Guidelines for the replication project

Learning outcomes

  • Carry out an empirical research project, from the data manipulation stage to the interpretation of the results
  • Connect a paper to its relevant literature
  • Innovate by proposing interesting extensions and additional analyses
  • Write clean, documented scripts

Four stages

Stage 1: Find the paper and the data

You should first find a paper and the associated data. The main criteria are:

  • how interesting you find the question tackled by the paper,
  • the quality of the data and the paper relating to the objectives of the replication project,
  • it needs to be a labour paper.

Given that you have to demonstrate your skills in the different stages (data cleaning, estimation), avoid projects that are too easy in these aspects. Also, because you have to propose an extension, think about papers you find inspiring enough and on which you believe to have a chance to improve.

You’ll need to get your propositions explicitly approved (by the module teachers) before starting to work.

Stage 2: Relate the paper in the literature

Usually, (good) papers provide a literature review to explain which previous papers are closest and how they contribute to the literature. You will complement this literation review by:

  • adding any previous or contemporary paper that was omitted by the author(s),
  • discussing the offspring of the paper, explaining which papers have later built on that paper, how they have improved on it, and whether the conclusions still hold at present.

Stage 3: Replicate the paper

Read the paper and replicate it. You can choose to replicate only part of the results, the most important ones, for the sake of space. You will start by making exactly the same choices in terms of sample and specification as what is done in the original paper. Then, you will vary those to assess the robustness of the paper. Crucially, any discrepancy between the findings reported in your paper and those you find can be investigated and commented. You will realise that most papers’ results tend to depend on the sample or the specification chosen for the estimation.

A good replication does not aim to kill the original paper but to provide a balanced assessment of the robustness of the results. Does any minor deviation from the specification and sample chosen by the author(s) make the results disappear? What are the dimensions in which the results seem to be particularly robust or fragile?

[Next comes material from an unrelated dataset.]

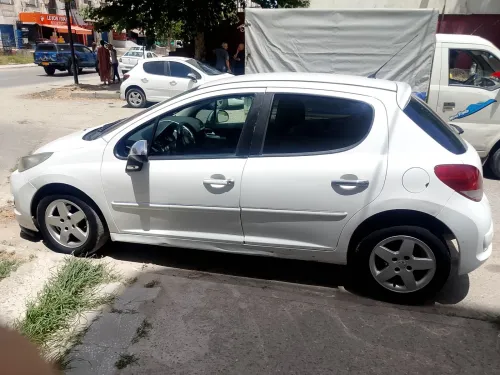 Peugeot 207 2012 207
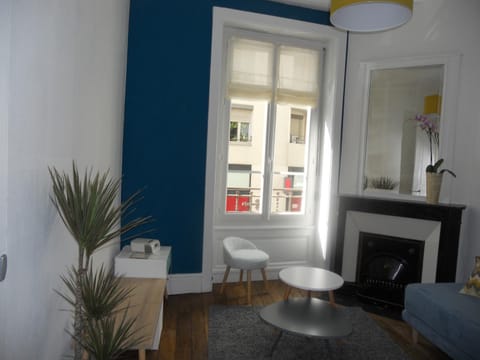 au 303 Apartment in Lyon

Because this exercise requires varying the sample and the specification, avoid the papers for which only the final sample is available or that only provide the covariates that are finally included in the estimation. Working on papers that start from data that are publicly available (or data you have access to), as you can replicate the full data cleaning process as well as the estimation.

Stage 4: Carry out an original analysis

In the last stage, you will propose an additional, original analysis that extends the paper in an interesting way. This is the most difficult part of the project and the one on which you have the opportunity to be creative.
There is no proper guideline for this part but, as with any piece of research, you will have to:

  • state the research question in a clear way,
  • provide a short literature review specific to the question you investigate,
  • explain your contributions,
  • present your methodology (assumptions…) and your results.

Practical advice

You should consider this project as a mock for your future applied projects. As such, you will take a special care to the following aspects.

Coding and scripts

The project will be coded in R or Python. The scripts should:

  • be written in a way that they can run in any folder they are placed (for instance, relative paths will be used),
  • be documented so that the whole structure and the details of each command is clear. For data cleaning steps, the choices will be explained in plain English in a comment preceding (or following) the line where the change is implemented,
  • duly indented,
  • produce tables and figures, ready to be copied in a report/paper, as an output.

In R, following Tidyverse Style Guide is good practice. While it is not compulsory, it is advised to use dplyr for the data cleaning process and ggplot2 to produce the figures. It is also advised to use a version control tool, like Git (for instance github or gitlab), to make the code available.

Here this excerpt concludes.